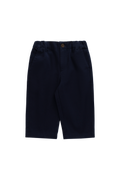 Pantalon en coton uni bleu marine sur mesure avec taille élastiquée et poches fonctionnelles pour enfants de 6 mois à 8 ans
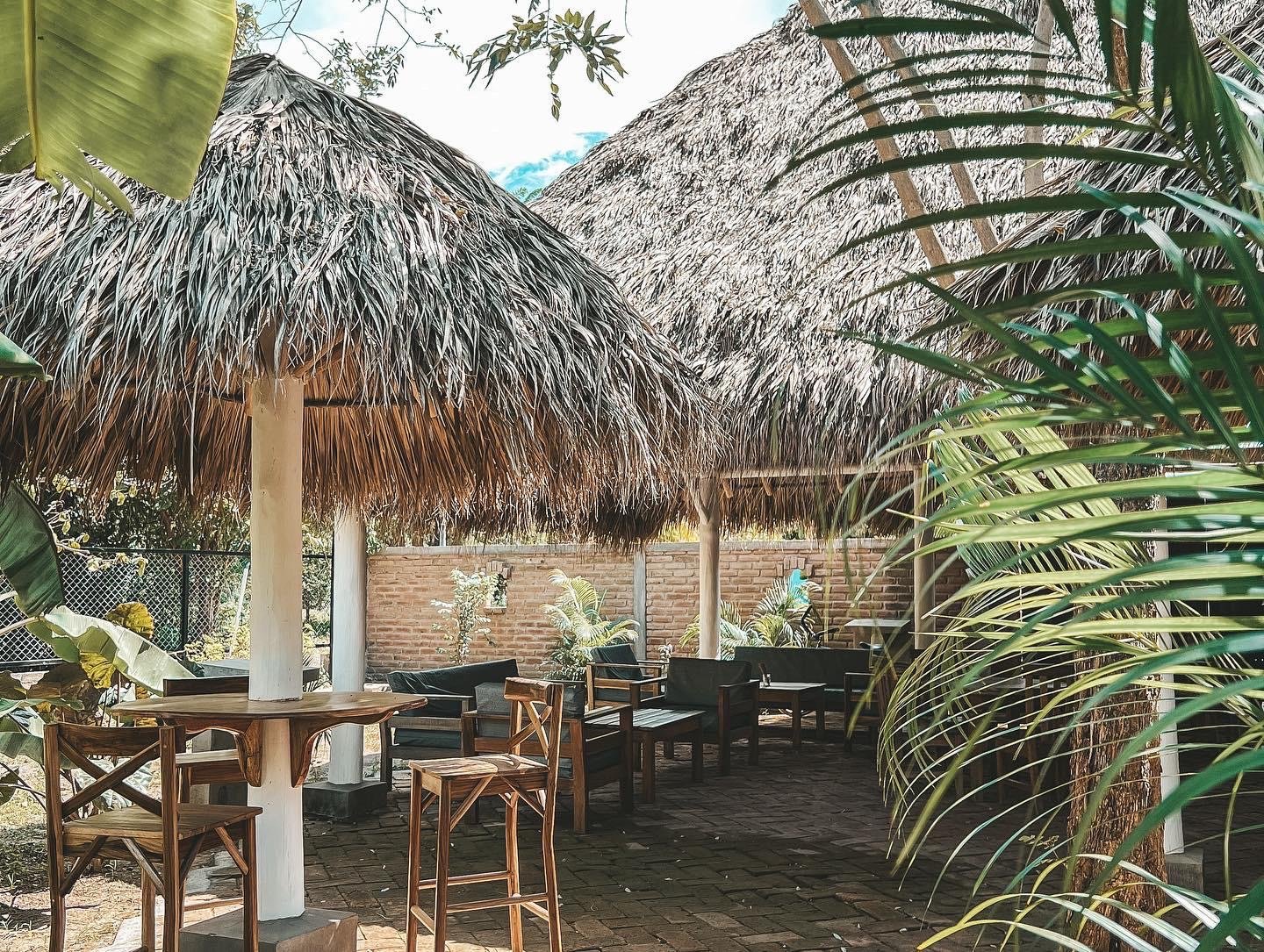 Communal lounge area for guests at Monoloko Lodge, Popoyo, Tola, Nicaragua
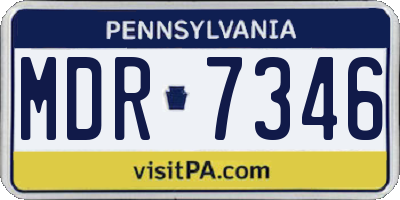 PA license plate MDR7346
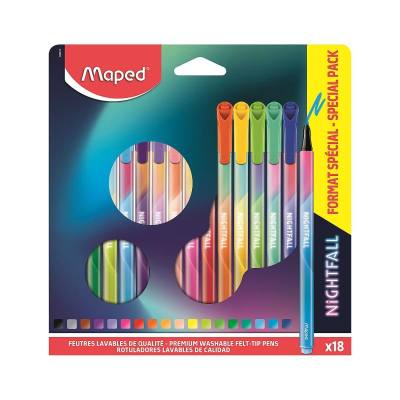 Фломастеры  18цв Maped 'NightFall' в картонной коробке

# Assignment
Leave the pictures out and copy the rest of the data exactly.

# Problem solution
 Pantalon en coton uni bleu marine sur mesure avec taille élastiquée et poches fonctionnelles pour enfants de 6 mois à 8 ans
 Communal lounge area for guests at Monoloko Lodge, Popoyo, Tola, Nicaragua
 PA license plate MDR7346
 Фломастеры  18цв Maped 'NightFall' в картонной коробке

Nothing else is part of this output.